Le crash de l'avion russe dans la péninsule du Sinaï, qui a fait 224 morts, est un nouveau coup dur porté à l'industrie du tourisme en Egypte. La menace terroriste n'épargne aucun pays du sud du bassin méditerranéen. Terrorisme contre tourisme, une arme efficace entre les mains des groupes jihadistes.
« Les vacanciers font la différence entre un risque fort, associé aux destinations du Maghreb, et un risque plus limité vers les destinations occidentales. Il y a une vraie défiance qui s’accentue mois après mois, à l’égard des pays arabes du pourtour méditerranéen. » Le constat de Didier Arino, directeur de Protourism, est sans appel. L’industrie du tourisme est clairement une cible et le crash de l'Airbus russe A321 en Egypte risque d'anéantir tout espoir de reprise du secteur.
Car si l'hypothèse d'un attentat se confirme, la situation va s'aggraver pour son industrie touristique, activité qui représente environ 10% de son PIB, et emploie 12% de la population active. Depuis le crash, les professionnels ont déjà enregistré 40% d'annulation. Un coup dur pour l'Egypte, pays d'origine de l'écrivain Robert Solé : « L’Egypte a beaucoup investi pour le tourisme ces dernières années, des hôtels, des aéroports, des autoroutes. Or le nombre de touristes a baissé depuis les évènements depuis 2011, date du printemps arabe. En 2014, il y a eu dix millions de touristes seulement contre quinze millions en 2010. »

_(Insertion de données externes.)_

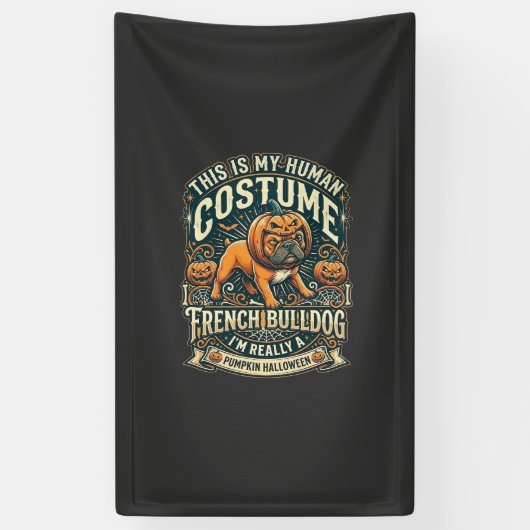 Gewoon een meisje dat Halloween Postdienst Heks le Spandoek (Verticaal)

Une crise de confiance qui risque de perdurer
Le tourisme n'est pas le seul secteur affecté. Le climat des affaires souffre également de l'instabilité provoquée par les actes terroristes, et les investissements en pâtissent. David Rigoulet-Roze, chercheur à l'Institut français d'analyse stratégique, redoute des répercussions à long terme : « Il faut être réaliste, l’industrie touristique de la rive méridionale de la Méditerranée est très compromise, à échéance d’une décennie. Tant que la situation ne s’est pas plus ou moins stabilisée, et c’est loin d’être le cas, il faudra attendre longtemps avant de voir de nouveau de nombreux touristes, européens notamment, visiter ces pays, comme c’était le cas avant. »

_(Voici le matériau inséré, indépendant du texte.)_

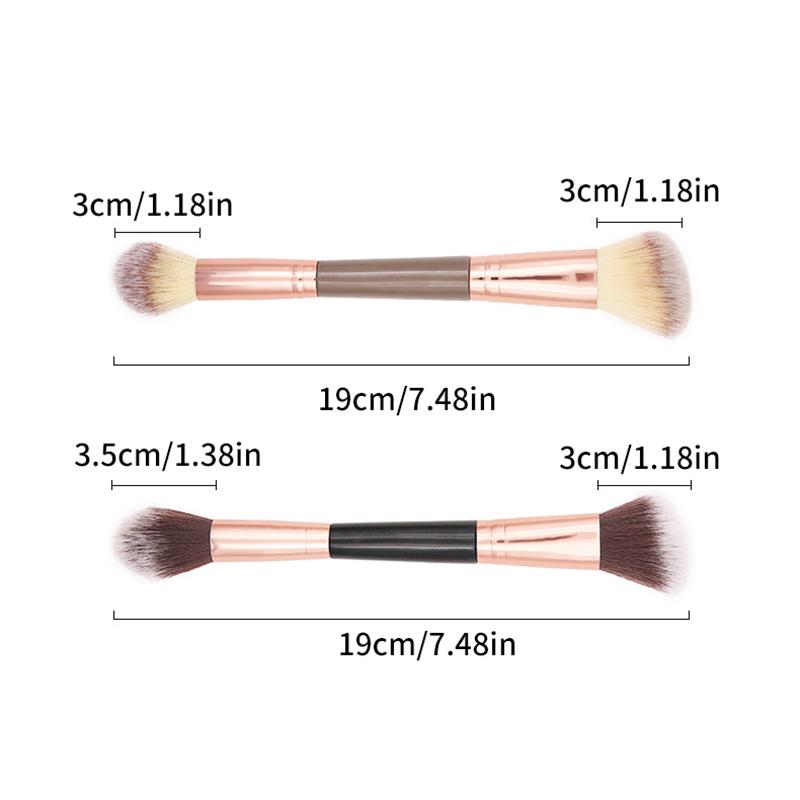1 Pc Double Ended Contour Brush Sculpting Brush Powder Blush Brush Makeup Brushes Cosmetic Tools Facial Brush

L'Egypte n'est pas le seul pays concerné, ses voisins de la rive sud-méditerranéenne le sont également. C’est le cas de la Tunisie. Le pays qui a misé sur le tourisme de masse a enregistré une forte chute de ses fréquentations depuis l'attentat de Sousse où 38 touristes ont été tués. Selon les autorités tunisiennes ce drame a coûté 500 millions de dollars au secteur du tourisme.
Une clientèle européenne indispensable à l'économie
En revanche, le Maroc fait figure d'exception, bien qu'il ait déjà été touché par le passé. Le tourisme qui représente 8% du PIB se porte plutôt bien. Du fait des problèmes dans la zone, le royaume bénéficie de report des réservations, mais cela ne veut pas dire que le pays soit une destination sans risque. « On peut penser que les services de sécurité marocains bénéficient d’une compétence qui leur permet pour l’instant de circonscrire le risque potentiel, tout en sachant qu’en terme d’effectifs, il y a une représentation importante des Marocains d’origine dans l’Etat islamique, puisqu’ils sont juste derrière les Tunisiens. Si le Maroc fait figure de havre de paix, on ne peut pas exclure qu’il soit également touché un jour ou l’autre par ce type de phénomène », estime David Rigoulet-Roze.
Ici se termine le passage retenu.